Levy added that he didn’t think mass regulation of a sector would be the right answer to a major incident. He also noted that it really depends what sort of technology company you are talking about when you speak about regulation. Widespread state control across the sector, in a reaction to a major society-wide attack, may not be the most useful solution.

Dr Jessica Barker, an expert on the human nature of cybersecurity and co-founder of security firm Redacted, told Alphr that it may indeed take a major attack to provoke a widespread security reaction: “A lot of work in cybersecurity comes from an experience of an incident, or a near miss, or seeing someone or something like you having that incident. So some organisations will increase their cybersecurity measures when they see a similar organisation facing an attack. So I hope we wouldn’t be that reactive, but that is what we often see in this space – that a big incident is what will galvanise change.”

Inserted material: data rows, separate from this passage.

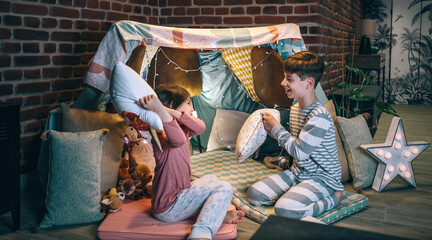 Funny children having fun playing pillow fight on handmade shelter tent in living room. Excited boy...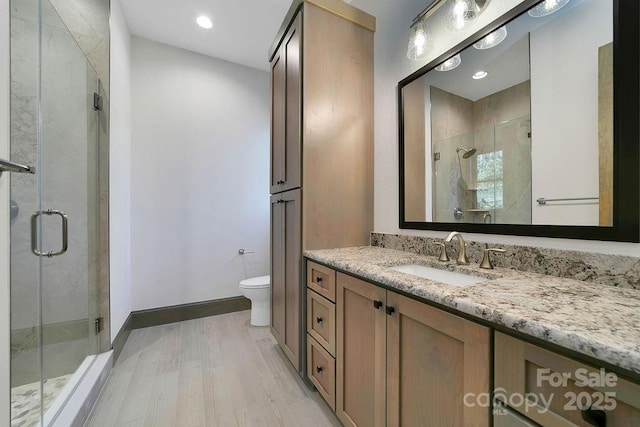 bathroom featuring baseboards, toilet, wood finished floors, vanity, and a shower stall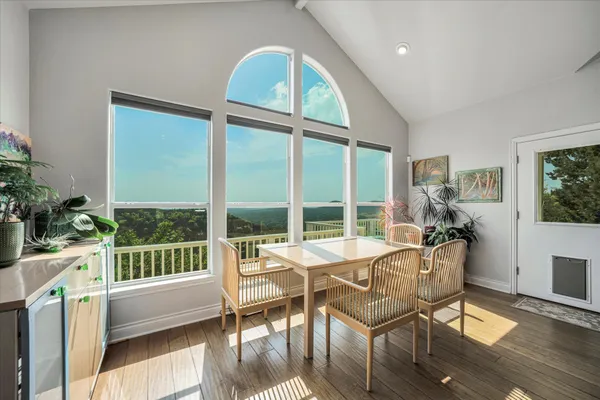 a living room with a large window and furniture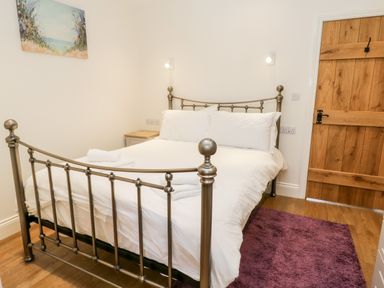 A bedroom with a metal bed frame white bedding wooden door and a purple rug on wooden floor at Shipswheel Cottage at Broadings Farm in Whitby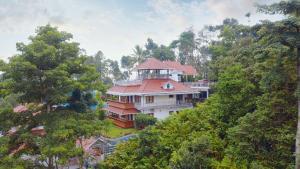 a large house with a red roof in the trees at Zenha Resorts in Munnar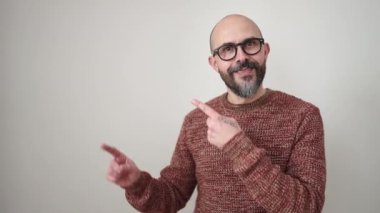 Genç kel adam gülümsüyor. Kendinden emin, izole edilmiş beyaz arka planda parmakları kenarı işaret ediyor.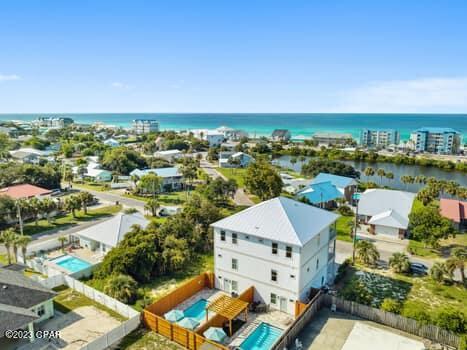 birds eye view of property with a water view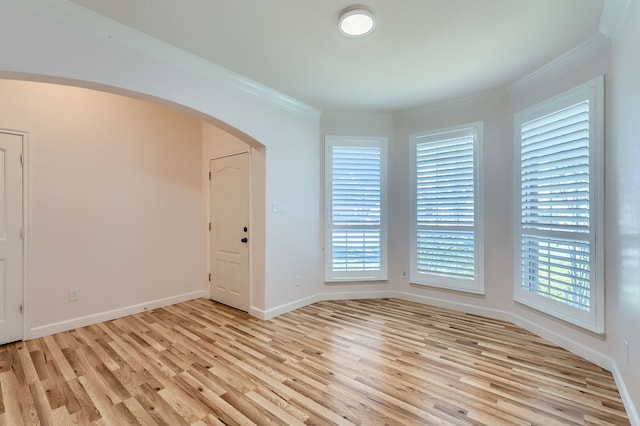 unfurnished room featuring light hardwood / wood-style floors and ornamental molding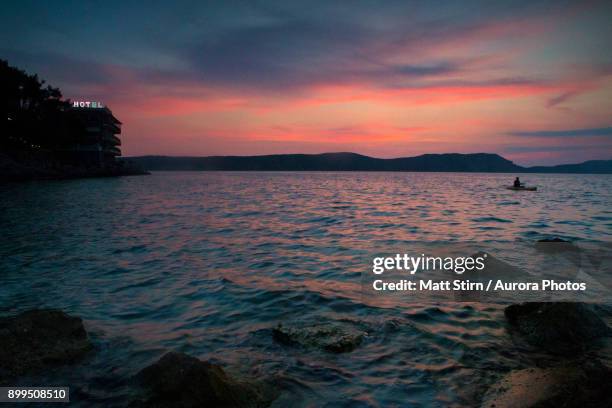 sea kayaker and hotel on coastline at sunset, pylos, messenia, peloponnese, greece - messenia stockfoto's en -beelden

Levy said that in the approximate 11 months since the National Cyber Security Centre came into existence, it has seen more than 500 incidents. Most of these are classed as category three, which means only a single organisation has been effected in some way, but 30 were category-two incidents – including the WannaCry ransomware attack that hit the NHS.

With the spread of interconnected Internet of Things devices, notably within the healthcare sector but also within transport and energy, there have been worries that a major cybersecurity incident could encompass a very direct threat to human life. Levy emphasised that viewing humans as the weakest part of the chain is “stupid”, and that more should be done to create tools that are understandable and demystify cybersecurity for all users.

“We’ve started saying people are the strongest link,” he said. “If you can leverage your people better, they can be the first and last line of defence in an organisation. I think that’s the learning people need to take: stop blaming the users, and make the systems usable.”